Problem to work on:
In your copy, leave out the pictures; write out all the data exactly.

Recorded information: Begin

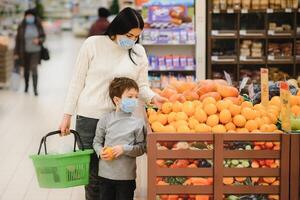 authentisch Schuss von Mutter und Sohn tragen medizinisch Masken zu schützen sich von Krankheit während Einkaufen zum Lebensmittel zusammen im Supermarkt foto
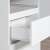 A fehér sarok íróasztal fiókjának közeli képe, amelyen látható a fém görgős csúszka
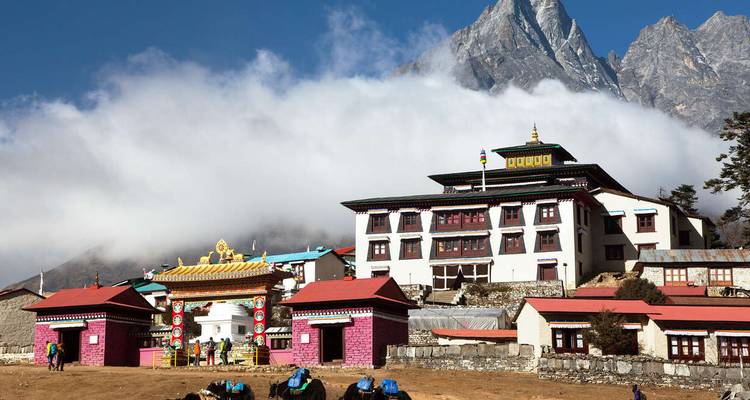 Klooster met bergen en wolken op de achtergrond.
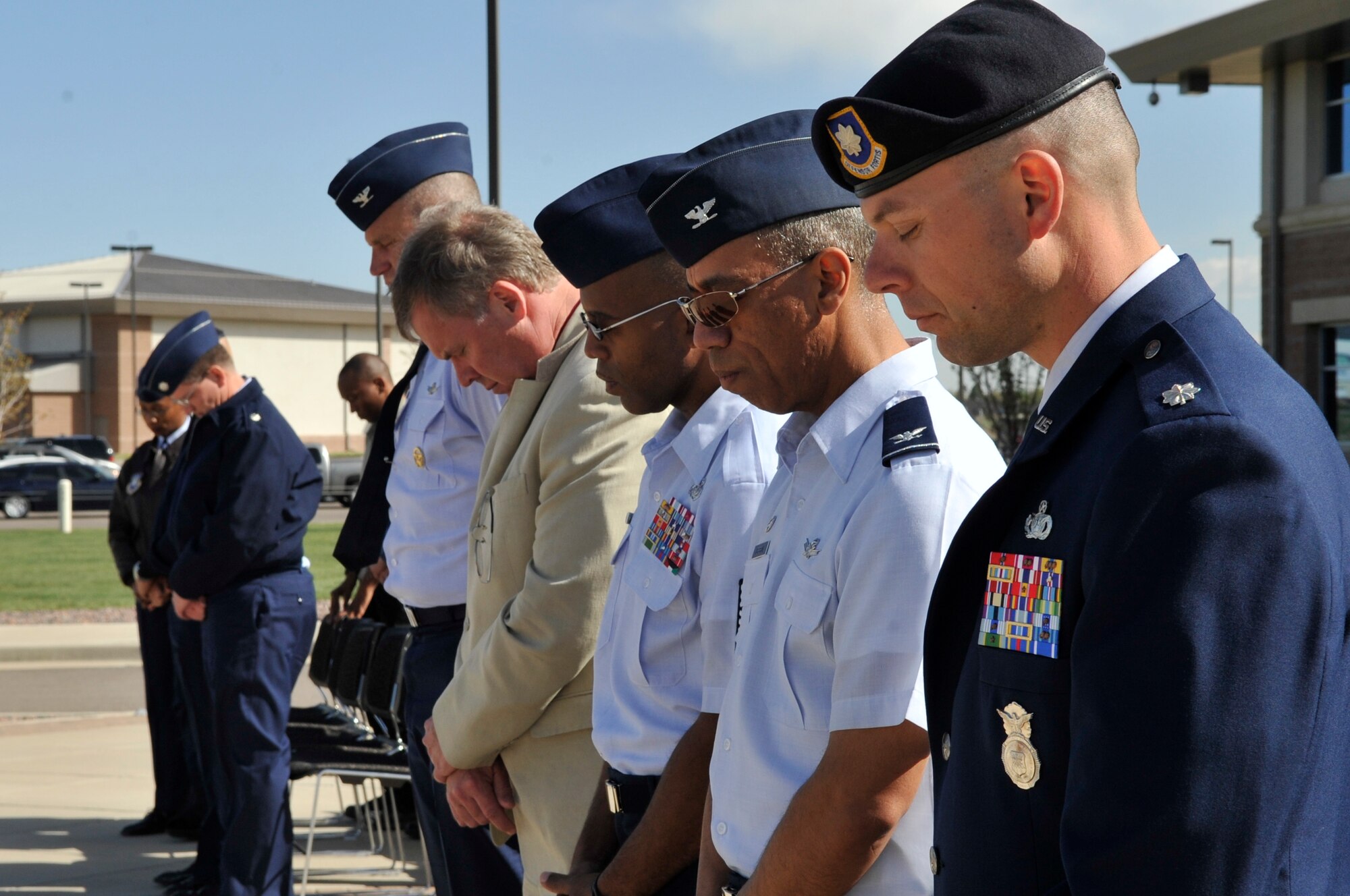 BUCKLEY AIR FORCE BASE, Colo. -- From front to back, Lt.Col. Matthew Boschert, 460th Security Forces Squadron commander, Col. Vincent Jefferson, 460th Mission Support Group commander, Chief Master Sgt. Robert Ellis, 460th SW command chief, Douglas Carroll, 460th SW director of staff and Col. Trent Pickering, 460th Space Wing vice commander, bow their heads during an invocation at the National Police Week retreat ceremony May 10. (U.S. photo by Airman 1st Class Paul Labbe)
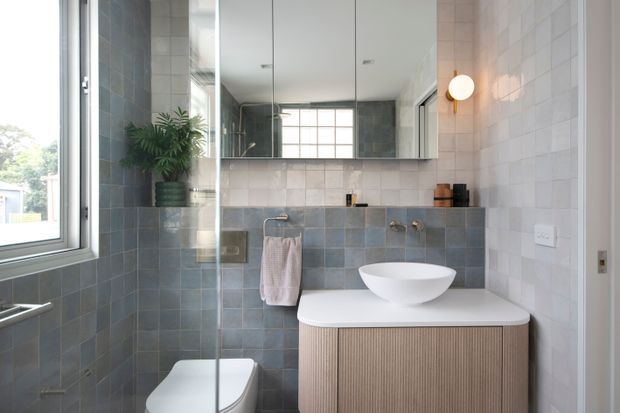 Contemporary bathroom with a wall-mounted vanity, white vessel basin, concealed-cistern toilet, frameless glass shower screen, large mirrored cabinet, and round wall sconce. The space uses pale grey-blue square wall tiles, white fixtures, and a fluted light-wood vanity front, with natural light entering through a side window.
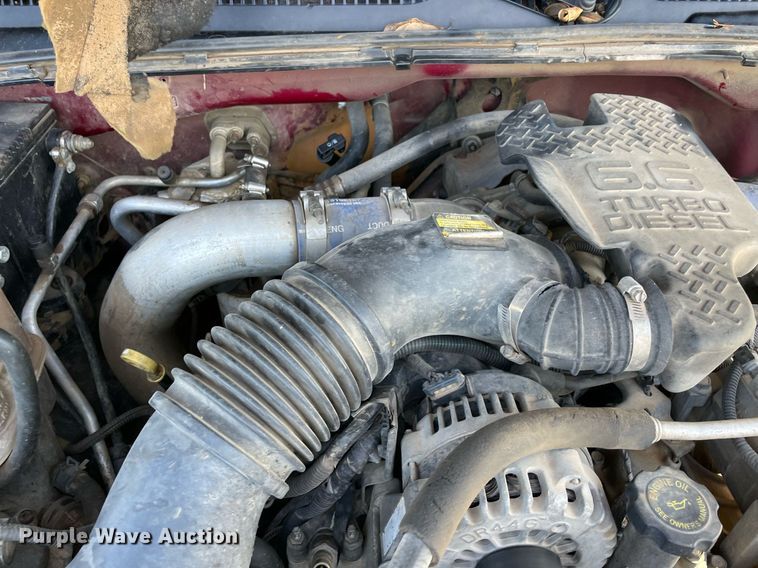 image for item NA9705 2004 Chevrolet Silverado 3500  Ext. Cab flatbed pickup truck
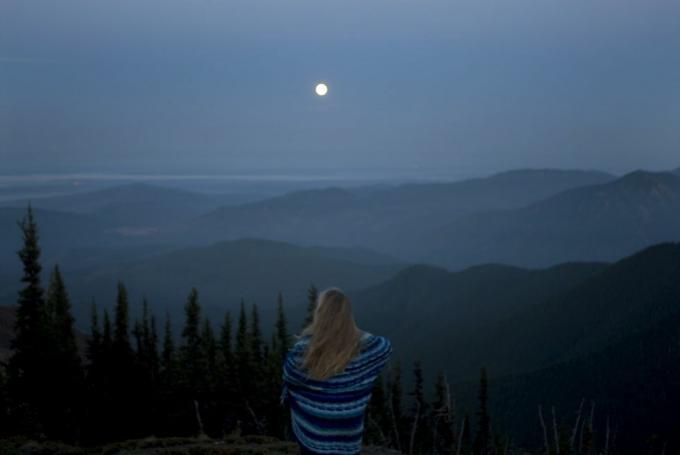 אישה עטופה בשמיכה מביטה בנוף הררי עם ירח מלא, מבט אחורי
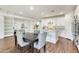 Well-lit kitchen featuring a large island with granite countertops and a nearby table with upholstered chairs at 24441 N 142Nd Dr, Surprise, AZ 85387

Recorded information: End

Response area:
 authentisch Schuss von Mutter und Sohn tragen medizinisch Masken zu schützen sich von Krankheit während Einkaufen zum Lebensmittel zusammen im Supermarkt foto
 A fehér sarok íróasztal fiókjának közeli képe, amelyen látható a fém görgős csúszka
 Klooster met bergen en wolken op de achtergrond.
 BUCKLEY AIR FORCE BASE, Colo. -- From front to back, Lt.Col. Matthew Boschert, 460th Security Forces Squadron commander, Col. Vincent Jefferson, 460th Mission Support Group commander, Chief Master Sgt. Robert Ellis, 460th SW command chief, Douglas Carroll, 460th SW director of staff and Col. Trent Pickering, 460th Space Wing vice commander, bow their heads during an invocation at the National Police Week retreat ceremony May 10. (U.S. photo by Airman 1st Class Paul Labbe)
 Contemporary bathroom with a wall-mounted vanity, white vessel basin, concealed-cistern toilet, frameless glass shower screen, large mirrored cabinet, and round wall sconce. The space uses pale grey-blue square wall tiles, white fixtures, and a fluted light-wood vanity front, with natural light entering through a side window.
 image for item NA9705 2004 Chevrolet Silverado 3500  Ext. Cab flatbed pickup truck
 אישה עטופה בשמיכה מביטה בנוף הררי עם ירח מלא, מבט אחורי
 Well-lit kitchen featuring a large island with granite countertops and a nearby table with upholstered chairs at 24441 N 142Nd Dr, Surprise, AZ 85387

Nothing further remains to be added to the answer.